14.5.2018
Three awards were granted at the closing of the eleventh edition of the competition for HT award for the Croatian contemporary art during the ceremony held on 11 May 2018 at the Museum of Contemporary Art.
236 artworks were submitted for the competition, of which the Panel of Experts selected 36. They competed for the most prestigious purchase prizes for the recent visual artistic creation. The Panel of Experts comprised of Snježana Pintarić, M.Sc., President of the Expert Committee; Katrin Bucher Trantow, Chief Curator in Kunsthaus in Graz; Alenka Gregorič, Curator, Head of Mestna galerija Ljubljana and Galerija KC Tobačna 001; Alem Korkut, BA in Sculpture, Professor at the Academy of Fine Arts Zagreb; and Ivana Kancir, Senior Curator at the Museum of Contemporary Art.
The laureates of the 11th edition of the competition are:
First prize HRK 75,000 – Vinko Vidmar: 17 November 2017, 2017
Video, colour, audio, 20’34”; camera and editing: Toni Balog
Anthropology is acquainted with a wide range of ancient purification rites. Using contemporary terminology, these are practices through which we free ourselves from traumas, both those from the past and the current ones. The video work by Vinko Vidmar originated against this backdrop. He cleans the shrapnels collected in his own yard and on the wall of the house that he grew up in. Through surgical precision unknown hands wash out these old remains that left scars: the first grenade fell on the car in front of the house, the second on the roof, and the third in the yard. There were casualties. Some wounds can never heal over time – one needs to resort to an archaic rite: cleaning everything that resulted from destruction and death, which means one needs to purify oneself from the accompanying negative emotions. Since 17 November 2017, when the video was recorded, a wide range of different opportunities presented themselves for Vinko Vidmar: he can pour dirty water into the yard and set off purified on a journey to the wide world, or he can be suffocating in the piled-up layers of the past. There is no doubt about what a young person will choose. The relationship towards the previous occurrences through a purification rite as a metaphor of the removal of layers inevitably brought about by time and changing shape was the aspect of this work that was primarily identified by the Panel of Experts as highly valuable. It was hence granted the first prize. It encourages us to carefully consider the goal that we intend to pursue in case we are not sure which direction to take.

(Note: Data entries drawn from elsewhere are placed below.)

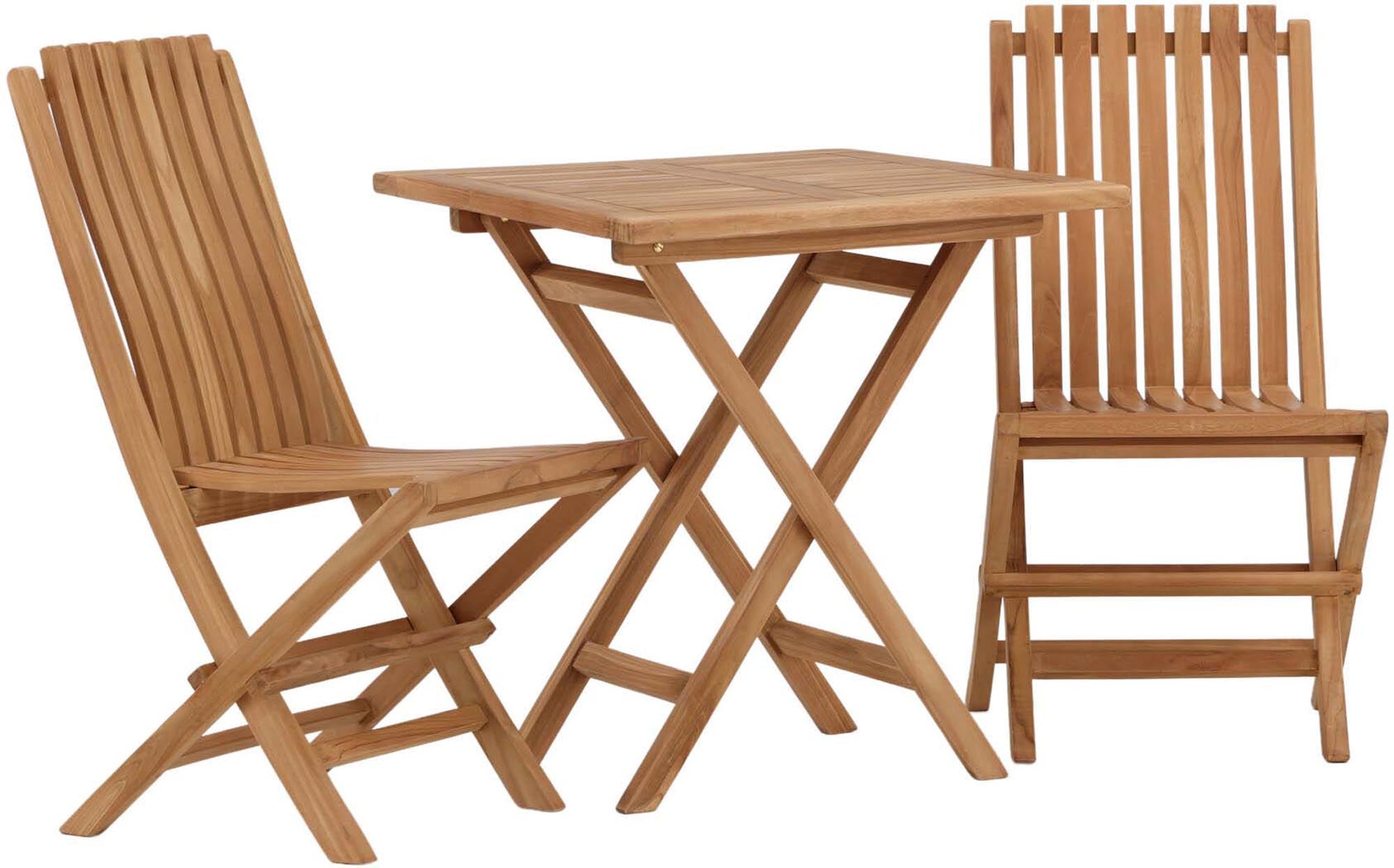 Elegantes Kenya Tischset: Perfekt für stilvolle Gartenmomente.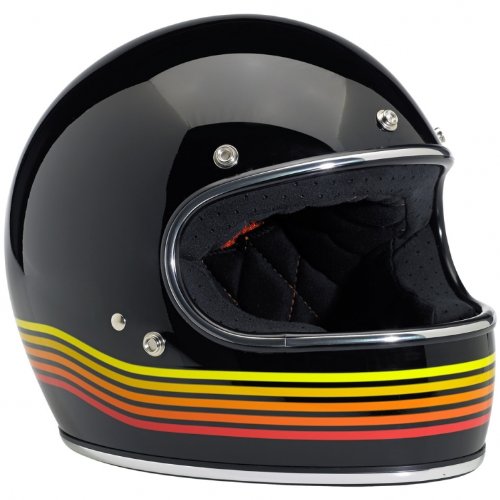 Helmets Biltwell BH-AWG-LE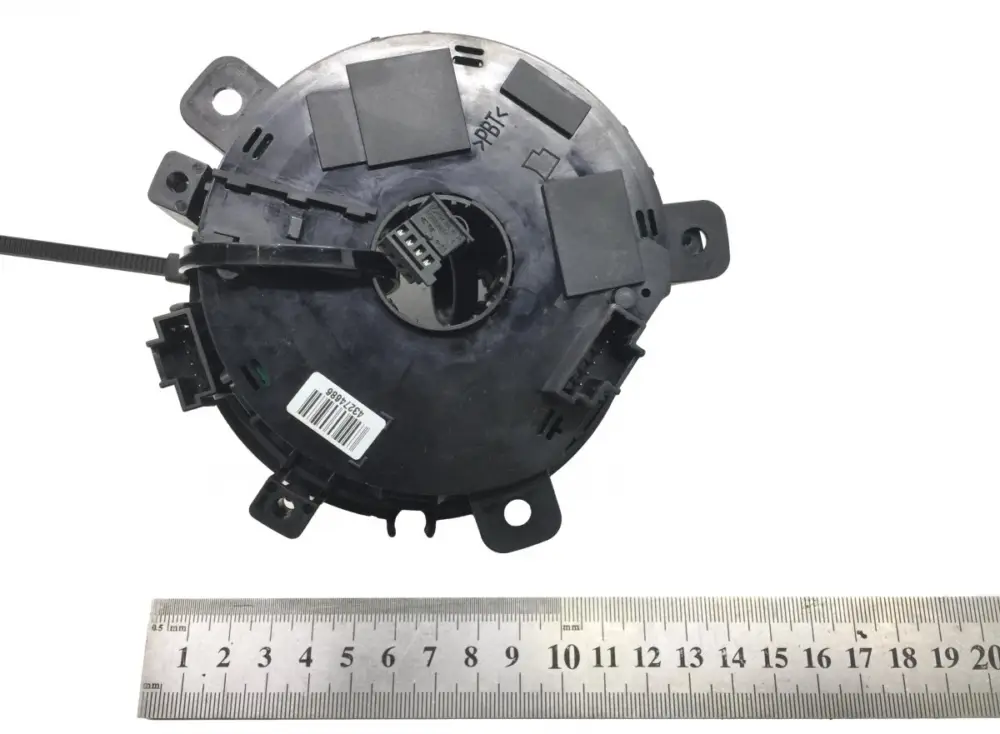 Sänkt pris 0004642018 Släpring för styrratt MERCEDES-BENZ A0004642018 Antos, Arocs, Actros MP4 (2012-) MERCEDES NEXANS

Second prize HRK 45,000 – Dalibor Martinis: Gallery of Contemporary Art Zagreb, 1 April 1974 / a fragment, Data Recovery, 2018
Installation (model 1:1 the premises of what used to be the Gallery of Contemporary Art, walls made of drywall, white colour, chalk drawings)
The perseverance with which Dalibor Martinis has been "saving" our lost cultural history for decades has been awarded yet again. This can be compared with a situation in which an IT expert can never recover all your data after a computer crash. Similarly, Martinis cannot provide a whole, a unit, but needs to stick to fragments, which are associative enough to evoke the remembrance of the whole in the beholder.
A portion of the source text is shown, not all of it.